When he was a student at Dighton-Rehoboth High School, Jake Enos and some of his friends decided they wanted to start a volleyball program. So, they did just that.

“I and a few of my friends were interested. We went to the athletic director, and I was able to have my dad and one of my friend’s dads coach the team,” Enos recalled.

The experience is serving him well as the coach of a Hopkinton High School boys team that is in its first season of existence, competing at the club level.

“I think that starting the program when I was in high school prepared me for what to expect as a first-year club team in terms of skill level and things like having to transport ourselves to away games,” Enos said.

Enos played three varsity seasons in high school and, similar to the Hillers this spring, started the program at Dighton-Rehoboth as a club squad before becoming a full-fledged varsity team.
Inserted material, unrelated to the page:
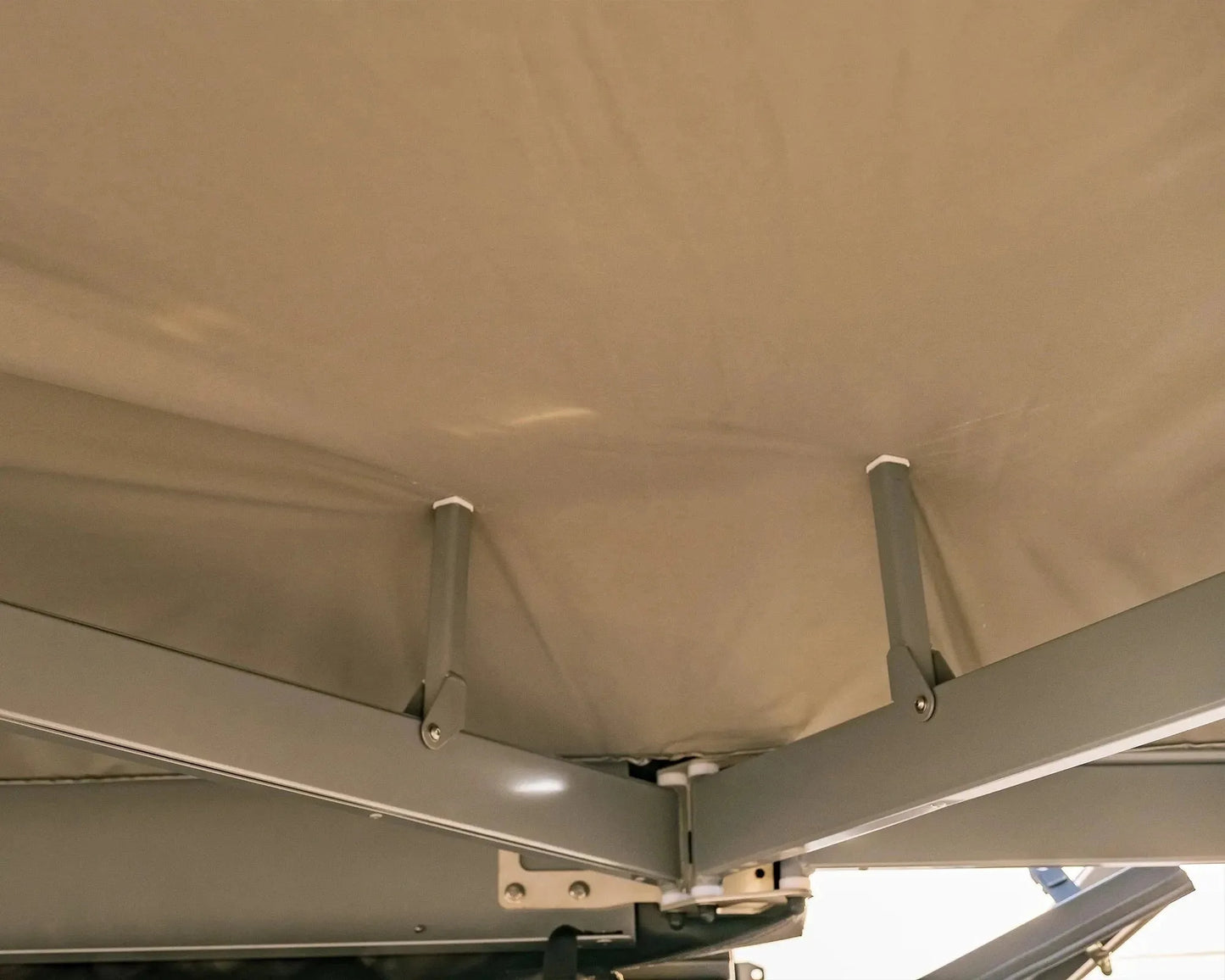 Auvent 180° 2.6m Autoportant Alu-Cab sur Xperts4x4 Accessoires 4x4 Off-Road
Hopkinton has done well during its first year, as the Hillers headed into the final week of the season with a 5-3 record. Enos said there has been a learning curve, but he was pleased to see the team win more matches than it has lost.

“Seeing 24 kids sign up at the start of the year, I expected a bunch of kids who were looking for something to do in the spring,” he said. “But what I got was a lot of athletes who were willing to buy into the game and who banded together well. It’s a strong varsity team at this point.”

Hopkinton has nine seniors on the roster, with no captains due to the club nature of the team. Enos said the entire roster has been able to contribute and declined to single out any individual for accolades, noting the team nature of the sport. Next year, when Hopkinton becomes a full-fledged varsity team, the Hillers will have captains like a traditional varsity sport.

Attitude has been crucial for HHS all season.

“Our positivity is the key,” Enos said. “We are moving on after any bad plays. I always tell the kids, ‘it’s a bunch of little points that add up to a big point to win a set.”

Enos said the players were able to glean early glances at their potential, which only further motivated their improvement.

“Once they clicked with each other and had that bond on the court, they started playing well,” he said. “And they haven’t turned back since.”

And, although the nine seniors on this year’s roster will not be able to play at the regular varsity level, Enos said they are happy to help lay the foundation for the fledgling program.

“They definitely have said that they are proud that they started this,” Enos said. “They are able to give future generations of kids the chance to play.”